Nach Prototypen mit Brennstoffzellentechnik von Kooperationspartner Toyota begann im Sommer 2022 die Produktion einer BMW-X5-Testflotte. Im iX5 Hydrogen steckt das Herzstück seines Brennstoffzellensystems im Motorraum, ist etwa so gross wie ein Dreizylinder-Benziner und wiegt 180 Kilo. Die beiden röhrenförmigen Kohlefasertanks sind unter der Rückbank und im Mitteltunnel, fassen sechs Kilogramm Wasserstoff und ermöglichen bis zu 600 Kilometer Reichweite. «Aus unserer Sicht ist die Brennstoffzelle eine wichtige Säule im Antriebsportfolio», sagt BMW-CEO Oliver Zipse.

Toyota

Wasserstoff-Pionier Toyota startete sein Programm 1992, stellte seine Kleinserien-Limousine Mirai aber erst 2015 vor. 2020 wurde die zweite Antriebsgeneration im Mirai II eingeführt und vor kurzem der Prototyp des Hilux Fcell Pick-up vorgestellt. «Der Mirai II ist nicht emissionsfrei, sondern emittiert sogar negative Emissionen. Weil die Luft, die hinter dem Auto zurückbleibt, durch den leistungsfähigen Luftfilter reiner ist als die, die durch den vorderen Kühlergrill einströmt», erklärt Projektleiter Ryotaro Shimizu.
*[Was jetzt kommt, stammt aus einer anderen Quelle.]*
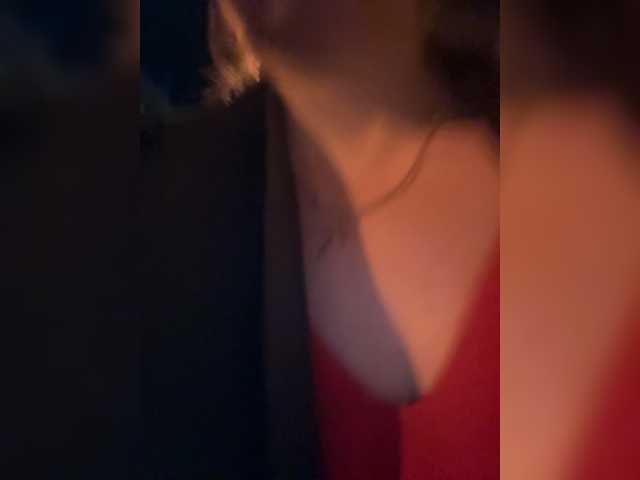 KiraMalina live cam on BongaCams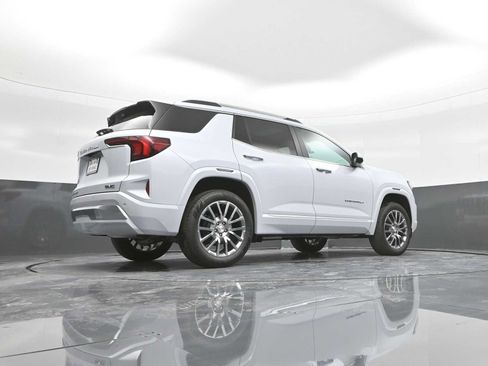 New 2026 GMC Terrain Denali AWD/4WD image 38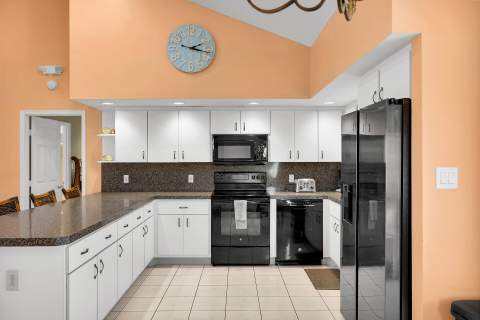 280 14th Street, Key Colony FL - photo 15 of 59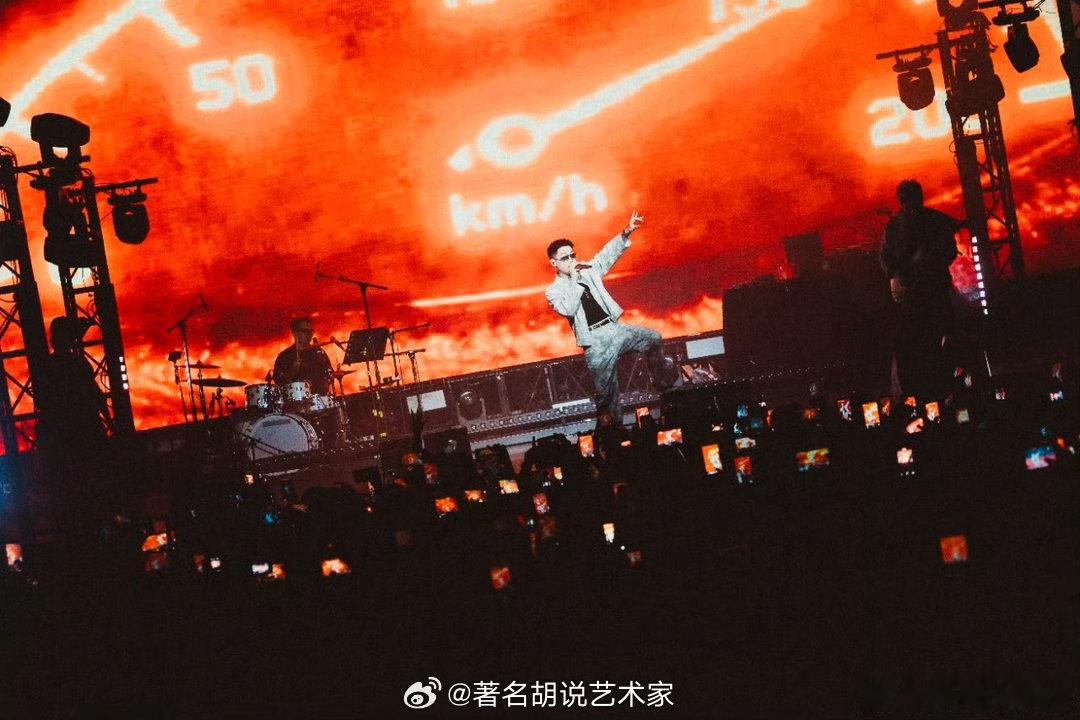 耳帝谈弹壳小白Forever唏嘘大于感动说唱巅峰对决2026 弹壳小白演唱《Fo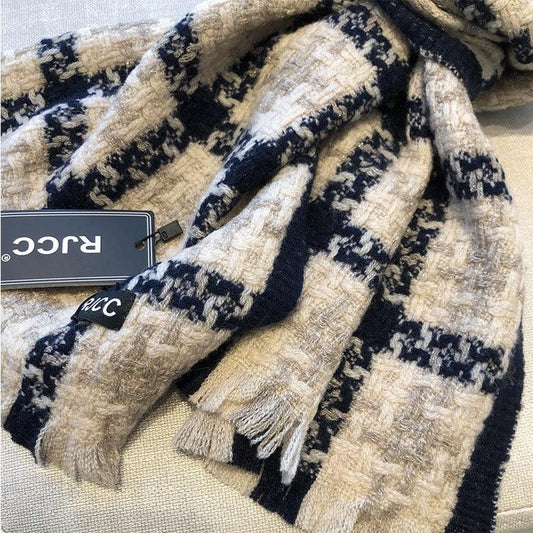 Wool scarf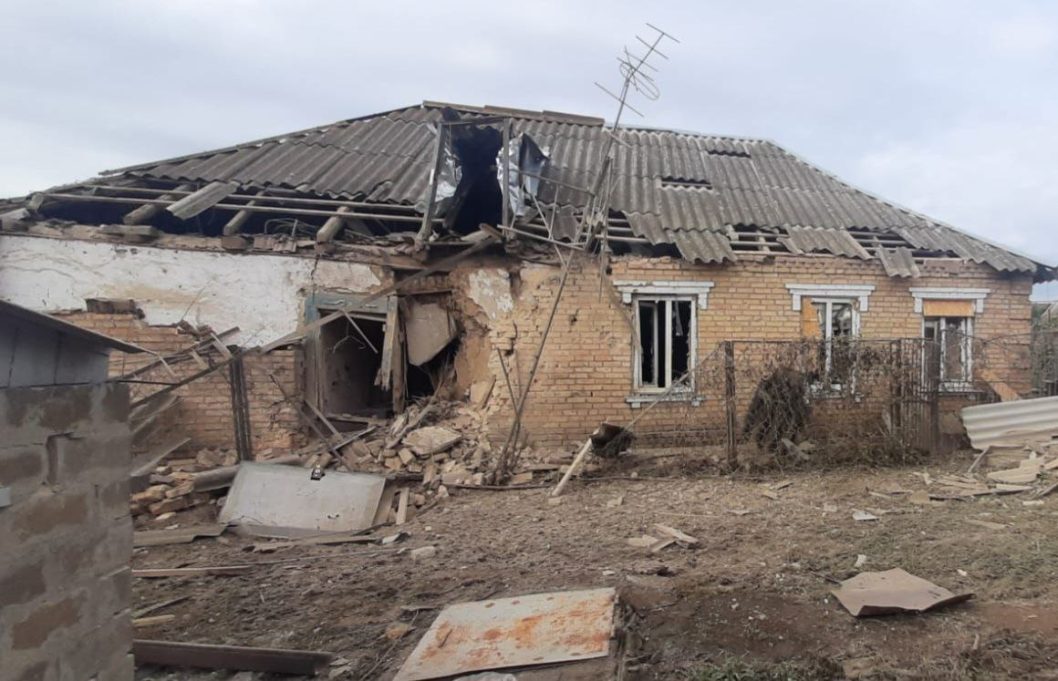 6 артобстрелов и 8 ударов дронами-камикадзе: российская армия атаковала Никопольщину - рис. 4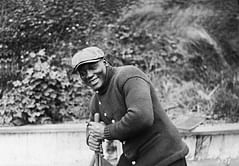Trump pardons boxer Jack Johnson, first black heavyweight champ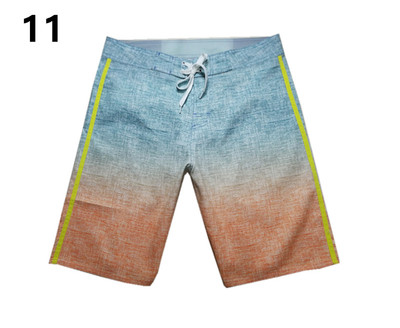 Costume de baie pentru bărbați în două modele - curate și în culori irizate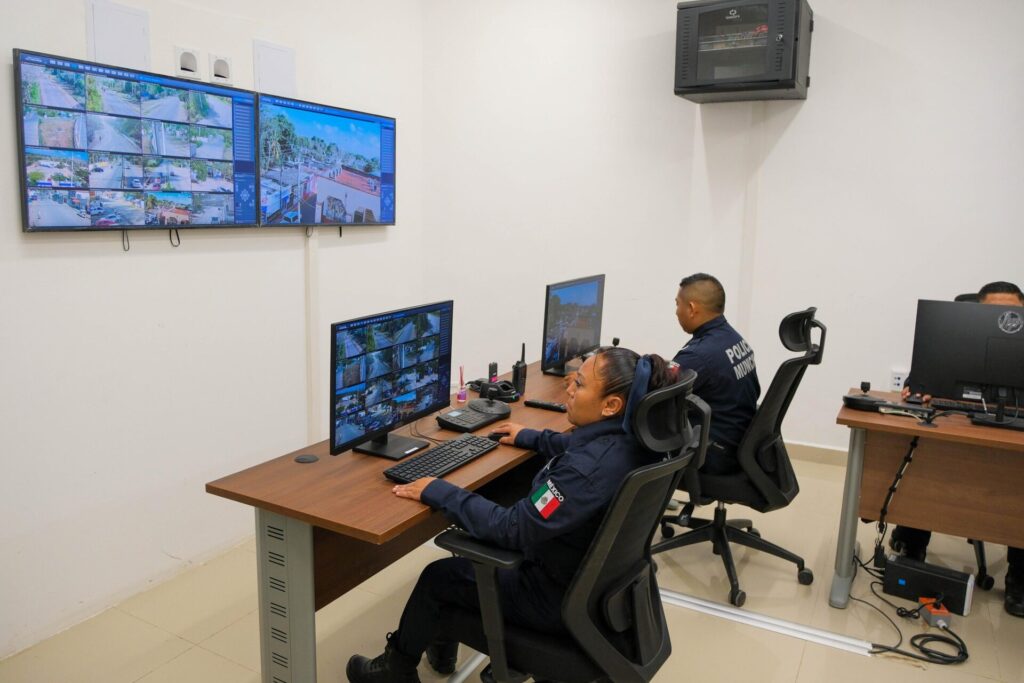 Inauguran C2 y puntos de monitoreo en Lázaro Cárdenas para fortalecer ...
Toyotas Technologie kommt auch in anderen Bereichen zur Anwendung, etwa bei LKWs, Bussen, Schiffen und Zügen.

Hyundai

Auch die Südkoreaner tüfteln schon lange an der Brennstoffzelle. Der erste Prototyp war der Santa Fe FCEV zu Beginn dieses Jahrhunderts. 2013 startete die Produktion des Brennstoffzellen-SUV ix35 in Kleinserie, fünf Jahre später wurde er durch den Nexo abgelöst. Heute ist der Nexo das meistverkaufte Brennstoffzellenauto (rund 37’000 Stück), gefolgt vom Toyota Mirai (25’000). 2020 wurde der Xcient Fuel Cell zum ersten, in Serie produzierten Brennstoffzellen-LKW. Die Entwicklung der dritten Brennstoffzellen-Generation für den Nexo-Nachfolger, aber auch den Einsatz in Bussen, LKWs oder Schiffen wird derzeit abgeschlossen. Bis 2028 will Hyundai die gesamte Nutzfahrzeugpalette elektrifizieren – mit Batterie- oder Wasserstoffantrieb.

Honda

Seit drei Jahrzehnten experimentiert Honda mit Wasserstoff im Auto. Auf den kompakten FCX im Jahr 2002 folgten 2008 der FCX Clarity und 2016 der Clarity. Jetzt startet Honda in Amerika und Japan mit dem Verkauf einer Brennstoffzellenversion des Honda CR-V. An der Tokio Motorshow 2023 wurde der LKW Giga Fuel Cell Truck als Gemeinschaftsprojekt von Honda und Isuzu vorgestellt. Er soll 2027 auf die Strasse rollen. Gleichzeitig will Honda jährlich weltweit 2000 Stück eines neuen Wasserstoff-PWs produzieren. Zudem soll noch 2024 ein gemeinsam mit GM entwickelter Brennstoffzellen-PW für Amerika und Japan vorgestellt werden.